Она молчала, и я тоже не знал, что ей еще сказать. Было слышно, как Силин играл «Неаполитанскую песенку». Особенно мне нравились места, где мелодия вдруг обрывалась, а потом как бы вдогонку ей летела еще одна протяжная нота. Про себя я даже повторил за трубой.
Ля-ля-ля-ля-ля-ля-ля…ля,
Ля-ля-ля-ля-ля-ля-ля…ля…
Но что же сказать Тане? Не стоять же таким истуканом.
Наконец я бухнул:
– Ты… это… правда Русалку играешь?
– Правда, – сразу ответила она, – только не Русалку, а Русалочку.
– Русалочку?
– Да. Это дочь Русалки.
– Дочь?
Я и сам чувствовал, что вопросы мои идиотские.
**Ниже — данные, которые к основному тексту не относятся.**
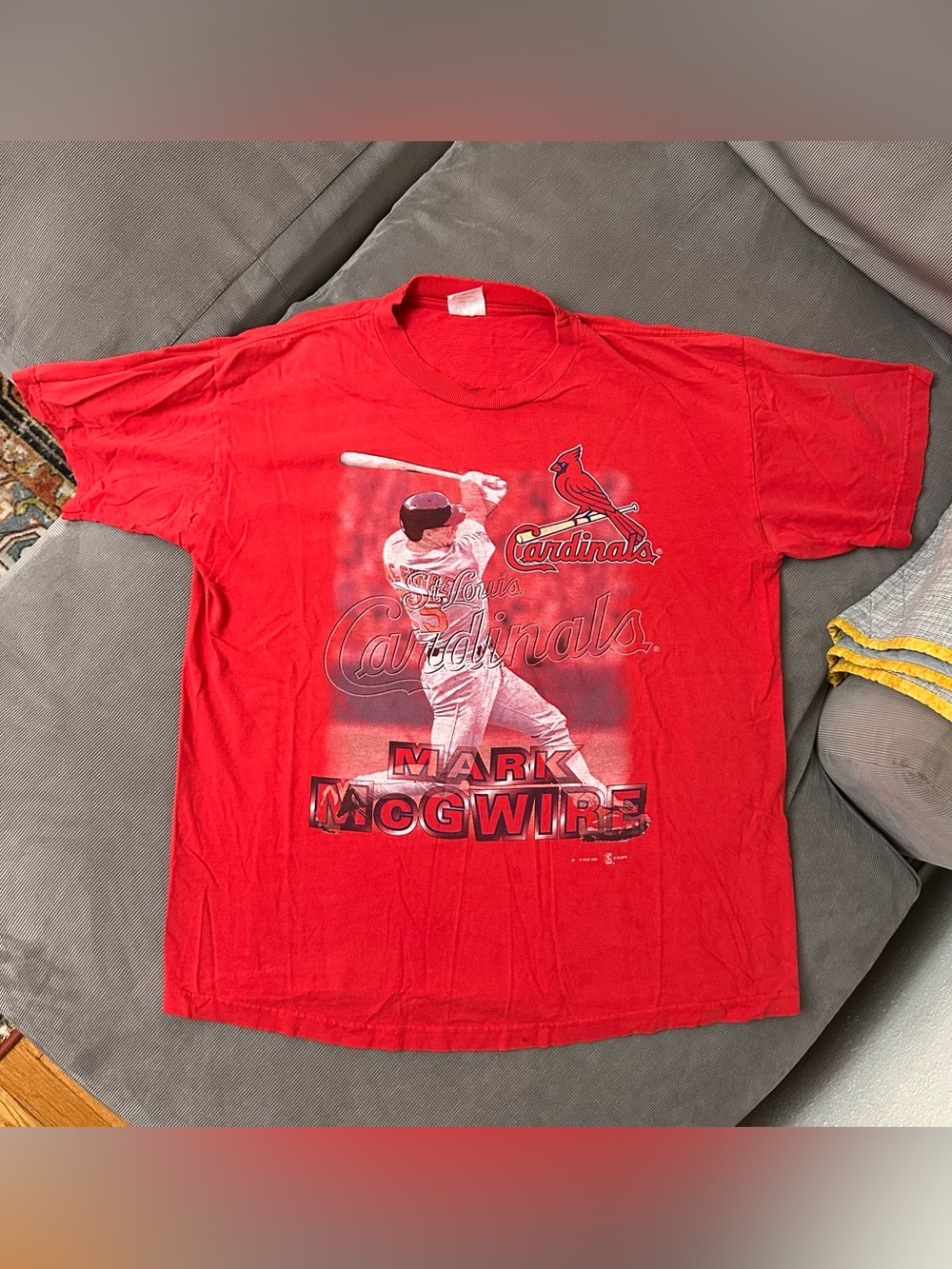 Vintage 1998 St. Louis Cardinals Mark McGwire Red Shirt XL Thrashed Distressed
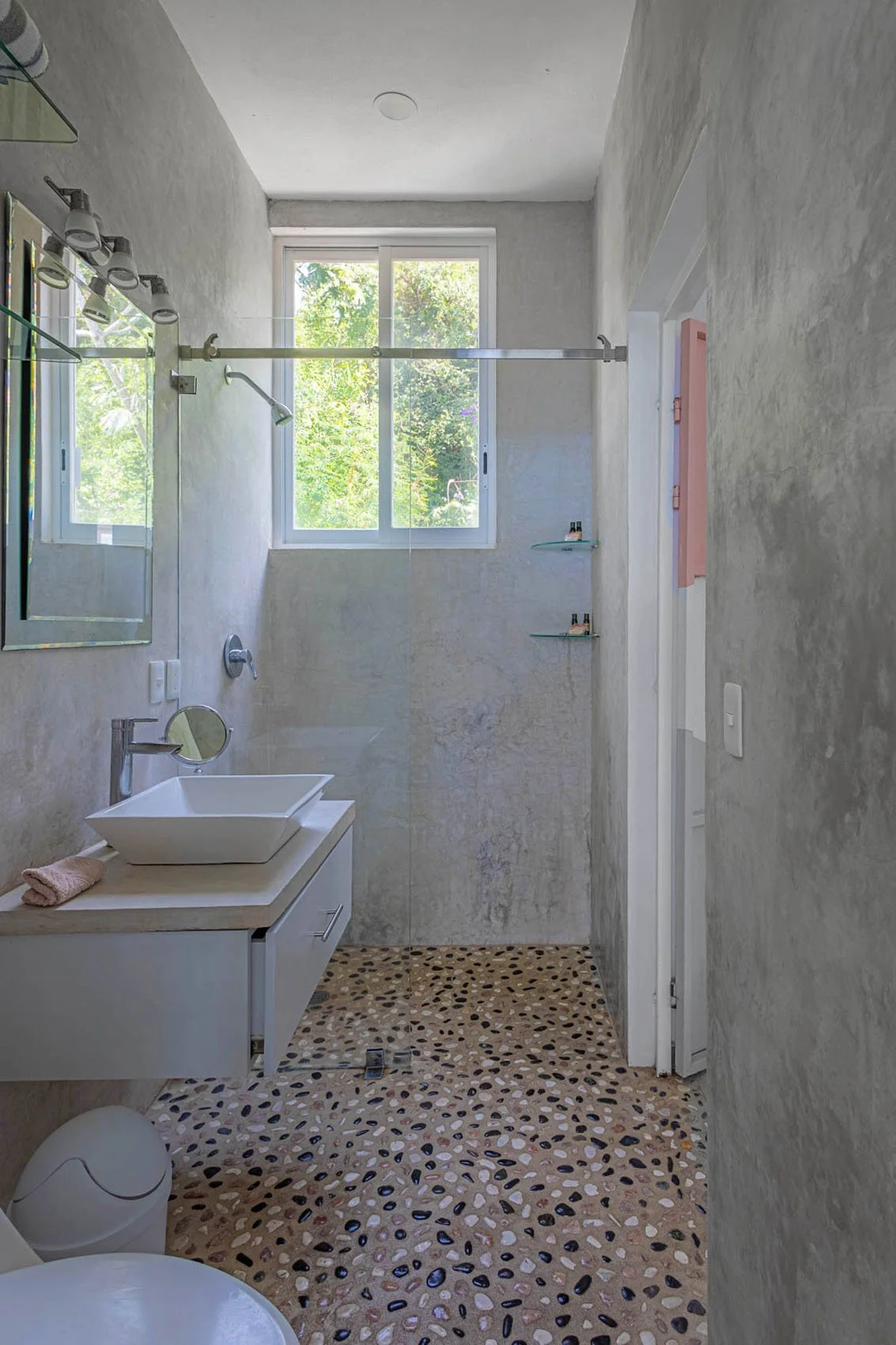 Studio #1 October 2023 web size (11).jpg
Но Таня не рассмеялась.
– Дочь ее и князя.
На этот раз я ничего не спросил, но Таня отлично поняла, что «Русалку» я не знаю, хотя и сказал:
– Ага!
– Хочешь, я тебе книгу дам, ты там обо всем прочитаешь? – И, не дожидаясь моего ответа, она предложила: – Пошли.
Только когда мы переступили порог ее комнаты, я вспомнил про Загонялу. Но отступать было поздно. Старик шел нам навстречу.
– Познакомьтесь, – сказала Таня, – это мой дедушка Иван Денисович.
– Эдик, – произнес я.
Я подумал: вот сейчас он начнет меня распекать! Сколько раз я вместе с другими кричал: «Загоняла!» Зачем кричал? Не знаю. Может, и те, другие, тоже не знают? Глупо как-то.
Но старик сказал:
– Присаживайтесь, молодые люди. А может, мы чаю выпьем?
– Спасибо. – Я поерзал на стуле. – Я на минутку зашел, за книгой.
– За какой, позвольте полюбопытствовать?
Я почувствовал, что начинаю краснеть. Что у меня за дурацкая привычка, нет, не привычка, а свойство: чуть что – я уже краснею! Просто не знаю, куда деться в такой момент.
Выручила Таня. Она сказала:
– Эдик хочет почитать пушкинскую «Русалку».
– А! Это хороню, – произнес Иван Денисович. – Это похвально.
«Вот еще! Нужна мне больно его похвала», – подумал я, но, конечно, промолчал. Я стал смотреть на полки с книгами, на картины и портреты. А на потолке висел голубовато-зеленый плафон – тот самый, от которого вечером струился мягкий, подводный свет.
Таня тем временем принесла чайник, расставила чашки, достала сахар и печенье. Она делала все это быстро, но как-то незаметно, без суеты. Лишь теперь я рассмотрел, что и глаза у нее были зеленоватые, как тот плафон.
Посидели, попили чай. Таня рассказывала, что скоро премьера, все очень волнуются, и она тоже волнуется, но режиссер похвалил ее и сказал, что все будет хорошо.
– А через неделю у нас генералка, – закончила Таня. – Вот!
– Ты бы и пригласила Эдика на генеральную репетицию, – вставил Иван Денисович, пока я раздумывал, что же это значит – генералка.
– Конечно. Только нам еще не дали пригласительных билетов.
Мы поговорили еще немного, а затем я взял книгу и ушел.
Во дворе я оглянулся на их окно. Оно, бледно-зеленое и прохладное, показалось мне кусочком морского дна. И вот в окне появилась Таня. «Русалка, – подумал я про нее. – Русалочка». А прическа «конский хвостик» ей идет. Если распустить его, волосы разметнутся по плечам, но спине – и Таня тогда, наверное, будет совсем как настоящая русалка.